Yang pasti, katanya seruan People Power tidak boleh dianggap remeh, karena dari tujuan nya saja sudah jelas yaitu pengerahan massa untuk merebut kekuasaan dari pemerintahan yang sah. Itulah alasan Jokowi mengerahkan Brimob dari daerah-daerah ke Jakarta guna mengantisipasi ini.
Lebih lanjut Kamaruddin mengatakan bahwa pelaku People power dapat dijerat dengan pasal makar dan permufakatan jahat, bila sudah ada bukti permulaan yang cukup.
Pelakunya dapat dijerat dengan pasal 107 KUHP dan 110 jo Pasal 87 KUHP atau Pasal 28 yat 2 jo Pasal 45 ayat 2 Undang-undang no 19 Tahun 2016 tentang informasi dan transaksi elektronik.

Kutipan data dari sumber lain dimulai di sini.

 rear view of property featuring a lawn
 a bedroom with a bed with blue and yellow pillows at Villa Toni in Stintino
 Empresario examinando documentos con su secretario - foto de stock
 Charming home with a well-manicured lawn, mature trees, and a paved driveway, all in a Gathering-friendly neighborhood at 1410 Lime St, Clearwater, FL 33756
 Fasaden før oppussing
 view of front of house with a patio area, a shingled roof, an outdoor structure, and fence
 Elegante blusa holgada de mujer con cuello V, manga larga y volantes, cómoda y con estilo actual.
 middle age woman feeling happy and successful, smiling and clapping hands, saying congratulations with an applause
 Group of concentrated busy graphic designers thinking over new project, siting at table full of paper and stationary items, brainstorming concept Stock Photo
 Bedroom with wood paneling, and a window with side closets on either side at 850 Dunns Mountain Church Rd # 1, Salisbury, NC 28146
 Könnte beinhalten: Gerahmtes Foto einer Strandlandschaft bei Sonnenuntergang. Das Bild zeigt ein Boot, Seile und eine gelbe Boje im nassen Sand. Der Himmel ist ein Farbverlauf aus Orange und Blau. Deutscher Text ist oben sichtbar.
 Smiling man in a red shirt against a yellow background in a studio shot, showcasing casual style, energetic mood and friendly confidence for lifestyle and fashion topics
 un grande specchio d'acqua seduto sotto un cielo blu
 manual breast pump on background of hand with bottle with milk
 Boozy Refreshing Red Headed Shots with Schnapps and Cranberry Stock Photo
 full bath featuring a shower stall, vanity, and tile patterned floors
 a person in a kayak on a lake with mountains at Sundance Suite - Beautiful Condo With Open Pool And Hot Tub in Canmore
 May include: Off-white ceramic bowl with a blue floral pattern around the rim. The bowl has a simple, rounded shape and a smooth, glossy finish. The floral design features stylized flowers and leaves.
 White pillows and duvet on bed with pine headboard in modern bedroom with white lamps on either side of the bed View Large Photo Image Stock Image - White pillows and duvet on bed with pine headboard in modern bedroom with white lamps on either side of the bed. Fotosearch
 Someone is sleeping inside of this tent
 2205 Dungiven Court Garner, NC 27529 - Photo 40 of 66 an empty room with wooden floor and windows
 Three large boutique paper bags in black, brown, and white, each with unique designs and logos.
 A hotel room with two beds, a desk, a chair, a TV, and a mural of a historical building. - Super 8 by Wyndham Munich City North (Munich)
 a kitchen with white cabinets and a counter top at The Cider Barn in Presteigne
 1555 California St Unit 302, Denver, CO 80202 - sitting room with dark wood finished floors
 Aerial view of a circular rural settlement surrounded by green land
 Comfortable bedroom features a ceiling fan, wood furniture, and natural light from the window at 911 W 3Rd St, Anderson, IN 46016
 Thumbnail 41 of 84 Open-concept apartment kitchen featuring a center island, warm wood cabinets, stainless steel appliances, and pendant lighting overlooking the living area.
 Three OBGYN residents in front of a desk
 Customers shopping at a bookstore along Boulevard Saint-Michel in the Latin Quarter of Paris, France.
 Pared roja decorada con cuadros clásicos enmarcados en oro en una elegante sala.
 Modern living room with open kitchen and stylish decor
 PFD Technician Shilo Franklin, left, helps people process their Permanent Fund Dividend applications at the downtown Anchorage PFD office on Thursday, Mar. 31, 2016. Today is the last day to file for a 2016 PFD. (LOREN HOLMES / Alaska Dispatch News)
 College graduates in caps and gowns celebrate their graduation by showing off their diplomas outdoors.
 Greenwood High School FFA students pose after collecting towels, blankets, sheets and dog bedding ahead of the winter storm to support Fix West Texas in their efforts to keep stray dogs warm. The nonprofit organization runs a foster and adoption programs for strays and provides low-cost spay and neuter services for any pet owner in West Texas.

“Saya berharap seruan ini hanya sekedar koreksi saja agar KPU bertindak hati-hati, tetapi sekali lagi, jangan dianggap remeh karena sejatinya aksi people power ini adalah pengerahan masa untuk merebut kekuasaan dari Pemimpin yang sah,” ucap pemilik firma hukum Victoria ini sambil menutup.